BIOSYNTHETIC PATHWAYS OF 3-EPIHYDROXYMUGINEIC ACID AND 3-HYDROXYMUGINEIC ACID IN GRAMINEOUS PLANTS

To elucidate the biosynthetic pathways of 3-epihydroxymugineic acid and 3-hydroxymugineic acid, feeding experiments using H-2- and/or C-13-labeled compounds were conducted with barley (Hordeum vulgare L. cv Ehimehadaka) and rye (Secale cereale L. cv Elubon), respectively. Feeding of [1,4',4''-C-13(3)] 2'-deoxymugineic acid (25 atom% C-13) to iron-deficient barley yielded mugineic acid and 3-epihydroxymugineic acid enriched with C-13 at their corresponding positions. These results enabled us to demonstrate that 2'-deoxymugineic acid acts as a precursor for mugineic acid and 3-epihydroxymugineic acid.
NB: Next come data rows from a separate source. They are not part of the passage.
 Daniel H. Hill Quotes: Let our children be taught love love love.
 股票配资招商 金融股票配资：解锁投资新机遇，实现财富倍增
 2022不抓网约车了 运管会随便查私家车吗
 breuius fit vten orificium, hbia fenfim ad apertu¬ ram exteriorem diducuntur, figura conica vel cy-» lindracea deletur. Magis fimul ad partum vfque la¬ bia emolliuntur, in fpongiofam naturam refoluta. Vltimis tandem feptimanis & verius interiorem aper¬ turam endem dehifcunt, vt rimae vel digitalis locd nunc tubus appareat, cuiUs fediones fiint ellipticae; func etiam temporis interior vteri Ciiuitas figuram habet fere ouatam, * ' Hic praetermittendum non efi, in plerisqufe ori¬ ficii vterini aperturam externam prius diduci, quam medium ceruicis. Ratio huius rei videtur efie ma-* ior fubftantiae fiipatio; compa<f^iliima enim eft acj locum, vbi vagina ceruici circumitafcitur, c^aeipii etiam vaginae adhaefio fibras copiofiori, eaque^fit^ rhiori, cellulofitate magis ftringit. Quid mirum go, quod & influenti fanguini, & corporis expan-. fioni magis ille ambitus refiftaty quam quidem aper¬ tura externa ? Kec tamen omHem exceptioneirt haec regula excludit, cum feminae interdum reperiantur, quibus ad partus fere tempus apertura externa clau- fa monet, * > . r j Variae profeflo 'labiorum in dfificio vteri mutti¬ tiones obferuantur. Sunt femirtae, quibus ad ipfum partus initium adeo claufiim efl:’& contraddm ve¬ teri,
The H-2-labeled 3-hydroxymugineic acid was obtained by feeding D,L-[3,3,4,4-H-2(4)] methionine (98.6 atom% H-2) to iron-deficient rye plants. The H-2-NMR study revealed that two deuterium atoms (one each at the C-2' and C-3 positions) from the three H-2-labeled methionine molecules were lost in 3-hydroxymugineic acid, whereas the other 10 deuterium atoms were incorporated in a manner similar to that of 2'-deoxymugineic acid and mugineic acid. These findings suggested that 3-hydroxymugineic acid, instead of being biosynthesized from 3-epihydroxymugineic acid by epimerization, was in fact derived from mugineic acid by hydroxylation at the C-3 position. This assumption was further confirmed by the results of the incorporation of C-13-labeled 2'-deoxymugineic acid into 3-hydroxymugineic acid. These results revealed that the biosynthetic pathways of both 3-epihydroxymugineic acid and 3-hydroxymugineic acid are as follows: L-methionine-->2'-deoxymugineic acid-->mugineic acid-->3-epihydroxymugineic acid in barley and-->hydroxymugineic acid in rye.